Thursday, December 3, 2015

File set up tips for books and booklets

Creating a book can be a little more complicated than other projects. We see a lot of the same set-up mistakes on many book printing jobs, so here are some helpful tips to review when you’re preparing your materials:

We strongly recommend submitting your files as PDF’s. If you can prepare a print-ready PDF with the right specs not only will you save a lot of time and cost, you will have a lot more control over the final result. Variables like margins, bleeds, spreads, pageflow and other common challenges can all be addressed ahead of submitting your files for printing, so we can get the results you are looking for the very first time.

You can make PDF’s from just about any software you might be using.  We are happy to answer questions about how to do this, and if you need more guidance we can set up a personal consultation to help you get on the right track.


Be sure to understand how bleeds work. This is essential for professional results. We’ll need 1/8″ of extra background for trimming and content must be at least 1/8″ in from the edge.
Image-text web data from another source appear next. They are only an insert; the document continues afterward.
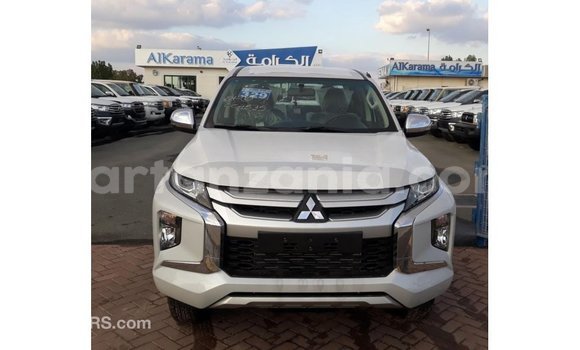 Buy Import Mitsubishi L200 White Car in Import - Dubai in Arusha Buy Import Mitsubishi L200 White Car in Import - Dubai in Arusha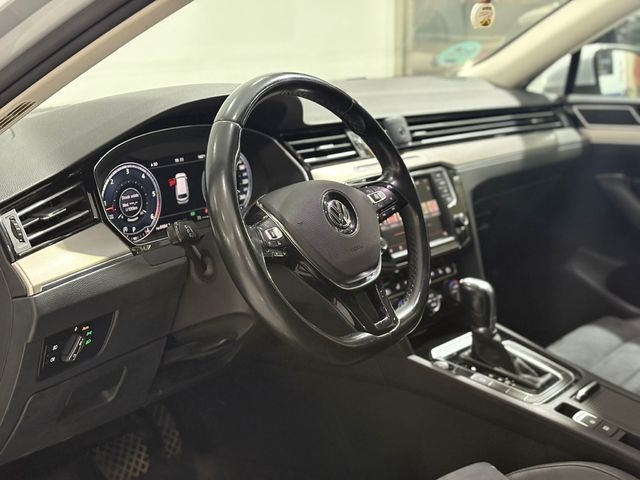 VolkswagenPassat Variant Sport 2.0 TDI 110 kW (150 CV) DSG Vehículo usado en Barcelona - 12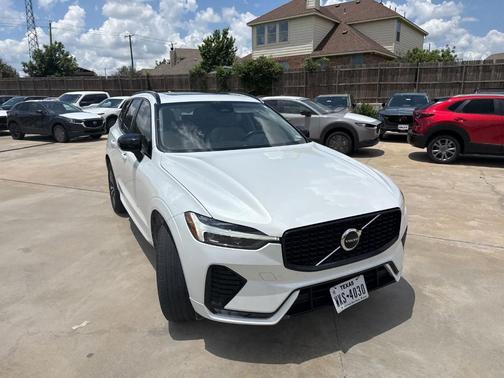 Crystal White 2024 Volvo XC60 B5 Core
The gutter or spine of the book needs to be considered as well, since each binding method has it’s own requirements for margins.
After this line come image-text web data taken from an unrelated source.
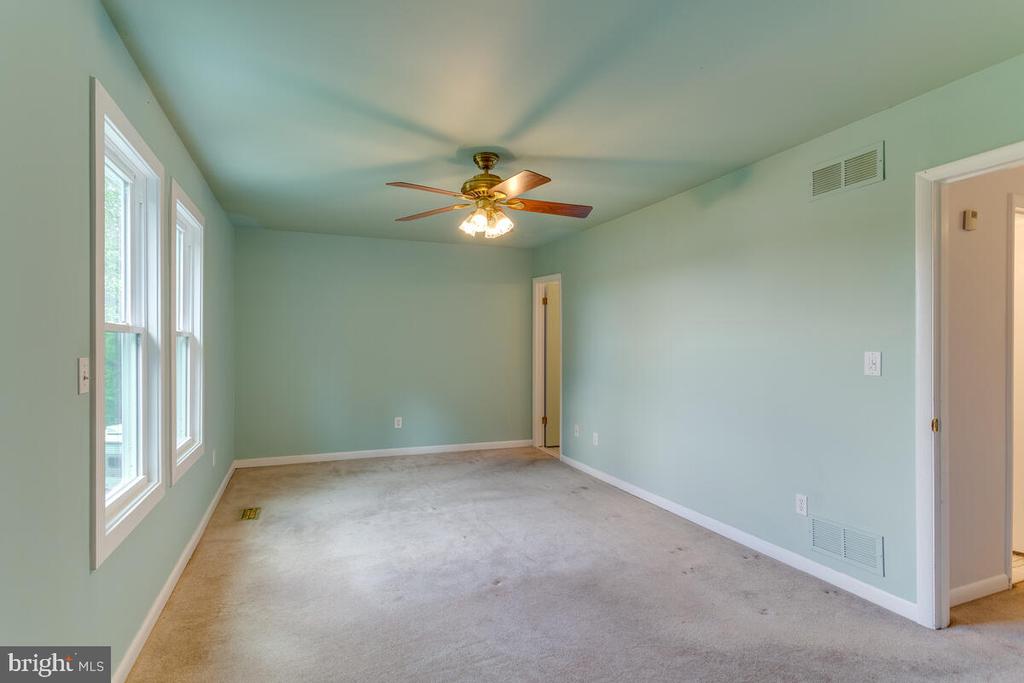 7607 STONEY HARBOR COURT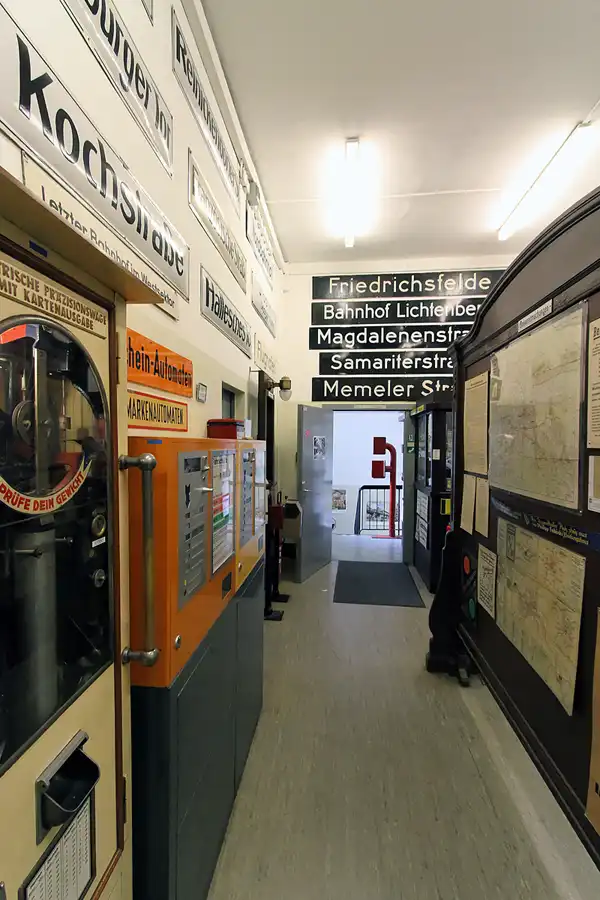 078 | 2011 | Berlin | U-Bahn Museum | © carsten riede fotografie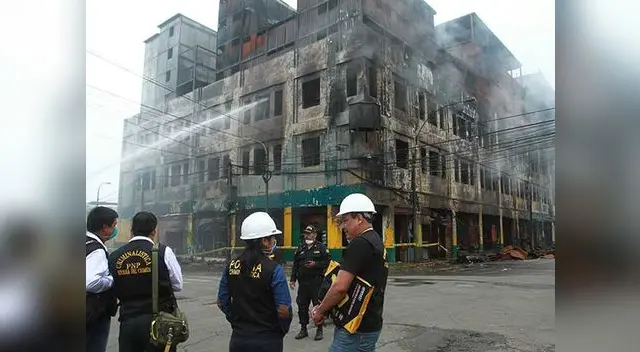 La zona ha sido cercada por los gases tóxicos y el peligro que la estructura se desplome La zona ha sido cercada por los gases tóxicos y el peligro que la estructura se desplome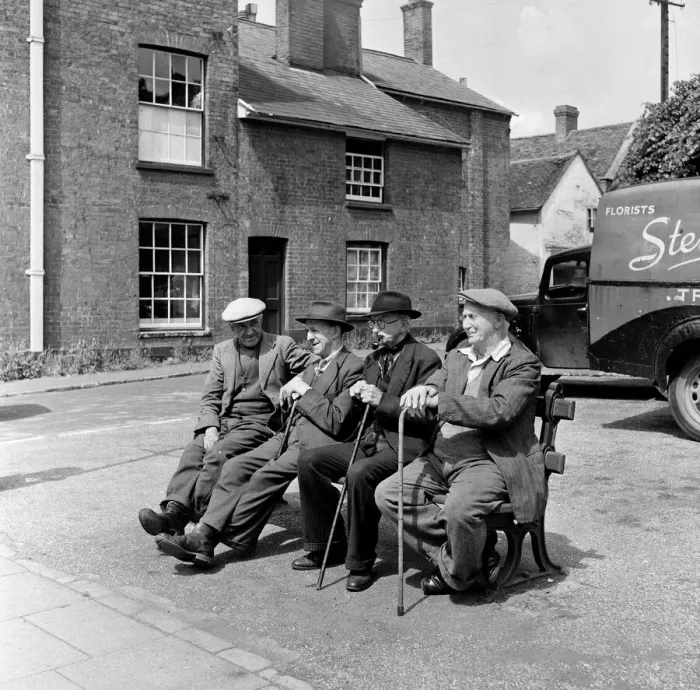 Framed Print : Old Age Pensioners in Tring, Hertfordshire. 4th July 1955 Framed Print : Old Age Pensioners in Tring, Hertfordshire. 4th July 1955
Know how your book is actually going to be put together. Some production methods will require printer spreads and some will work with flat sheets. If you are making a saddle-stitched booklet or magazine, you will need pages in multiples of 4.

InDesign is the tool of choice for creating files to print a book. It’s worth learning to use if you want the ultimate creative and technical control over your project. You can download a free trial at Adobe’s website.

To avoid any confusion between reader spreads and printer spreads, please provide SINGLE PAGES with full bleeds, not reader spreads. This way we have the margins needed to properly order the pages into printer spreads. To learn more about page imposition click here.

If you’re making a portfolio, zine, or graphic novel and content is already in a group of Photoshop Images, it may be easiest just to work with those. Organize them by naming the files with their respective page numbers so that they automatically stay in order through the prep and printing.

Make sure the images are at least 300dpi. We make beautiful prints but we can’t print what isn’t there. Also avoid using compression for the best results with digital printing. PSD’s, TIFF’s, and JPEG’s are all fine to work with but be sure to save them at maximum quality. Even hi-res photos print poorly from a low quality JPEG. You can also save them as PDF’s right from Photoshop and combine them into one file which has a lot of advantages as noted above.

Although other options are becoming more popular, many of our clients rely on Word for writing and editing text. While there are some important limitations, we can usually get good results from your Word files.

The best workflow is to make a PDF right from your native file on the computer you are using to create the piece in Word. Word files often have text reflow and other formatting issues when moving them from one computer to another. This is caused mostly by inconsistencies in fonts and page specs. Producing a PDF is the best way to avoid that frustrating situation and have a portable, properly-formatted file that will give you the results you are expecting. Once you know how to make good PDF’s you’ll never have to worry about it again.